Sembrava proprio Mario Matteotti in persona - quello che da decenni tiene le redini della baracca insieme a un manipolo di volontari instancabili della Pro Loco - ma lui ha giurato e spergiurato: «No, no, mi no son quel lì, son solo un volontario anonimo che dà una mano». Eppure il ghigno era lo stesso, e le parole che mi ha sussurrato avevano tutto il sapore delle chiacchiere da bar che fanno grande il Carnevale di Arco.«Quest'anno - mi ha confidato strizzando l'occhio - festeggiamo i 150 con una torta Mille Foglie lunga 150 metri sulla veranda, preparata dal mitico Chef Marcello Franceschi e distribuita gratis a tutti.
E poi c'è la rinascita della ArcoRida, dopo dieci anni di pausa.

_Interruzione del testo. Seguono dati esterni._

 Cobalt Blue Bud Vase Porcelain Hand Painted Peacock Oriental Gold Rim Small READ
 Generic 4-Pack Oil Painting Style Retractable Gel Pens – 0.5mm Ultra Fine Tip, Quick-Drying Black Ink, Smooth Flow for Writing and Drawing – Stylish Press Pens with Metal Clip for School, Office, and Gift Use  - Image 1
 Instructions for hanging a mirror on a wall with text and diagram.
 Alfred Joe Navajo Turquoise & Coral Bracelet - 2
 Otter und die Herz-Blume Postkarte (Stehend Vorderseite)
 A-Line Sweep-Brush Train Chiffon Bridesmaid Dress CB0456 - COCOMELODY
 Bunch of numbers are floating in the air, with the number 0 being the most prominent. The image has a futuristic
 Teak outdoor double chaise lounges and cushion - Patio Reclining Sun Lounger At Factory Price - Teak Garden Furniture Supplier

Musica dal vivo con Nicola, filmati storici che fanno ridere e piangere insieme, Lucio Gardin e Karem sul palco... Ma se parlassimo anche un pochino di politica di Arco? Non solo quella di adesso, del merlo che va contro i vetri, o della gabbia dei pipistrelli, ma se ci ricordassimo anche del Betta o del Trebo? Qualcosa dei pinch point verso Chiarano? O del ponte di Arco che bisognerebbe smontare? Due parole sul Maureto Ottobre che voleva fare il sindaco non dovremmo dirle?». Il programma? Si snoda su due weekend intensi, dal 7 all'8 e dal 13 al 15 febbraio, con i palchi principali in viale delle Palme e nel cuore del centro storico a partire dalle 14.30. Si parte sabato 7 con BimBobock Carnevale Show e Katastrofic Circus, poi «Pausa Merlot a pé»; domenica 8 tocca a Malumida Cover Band, Circus Carnival e Trillj La Fata dei Fiori.Il venerdì 13, al Casinò dalle 21, arriva il clou: l'ArcoRida resuscitata, con quel mix di comicità, nostalgia e frecciatine che fa dire al nostro baffuto misterioso: «Allora, cosa fate a casa venerdì, tra l'altro il tredici, di febbraio? A guardare "La casa nella prateria" o a vedere se la Schlein va sul carro di carnevale il sabato?».
Sabato 14 spazio a Lorenzo Axaloth con Bubbles Baby Dance, Magic Karen Show, oltre a Caricaturist con Valentino Villanova e truccabimbi e i Pausa Merlot in centro storico. Domenica 15 gran finale con Lucio Gardin che presenta «Generazione Figli delle Stelle», i dinosauri di Mago Vio, Aequilibrium Fantasy, e soprattutto quella torta-monstre da 150 metri che chiuderà in bellezza i festeggiamenti.Durante la manifestazione, previsto un fornitissimo, o punto ristoro mentre in caso di pioggia una delle due domeniche sarà recuperata domenica 22 febbraio. Il misterioso signore coi baffi ha concluso con un sorriso sornione: «Ecco tutti i motivi per venire con noi a divertirvi, in simpatia, senza polemiche ma tra arcensi veri». È in programma anche un fuori programma speciale: i volontari della Pro Loco distribuiranno agli ospiti della Fondazione una torta appositamente realizzata per loro.Insomma, preparate le maschere: sta per arrivare un'edizione leggendaria, scoppiettante, un po' nostalgica e tanto irriverente. Perché ad Arco, dopo 150 anni, si sa ancora ridere di cuore.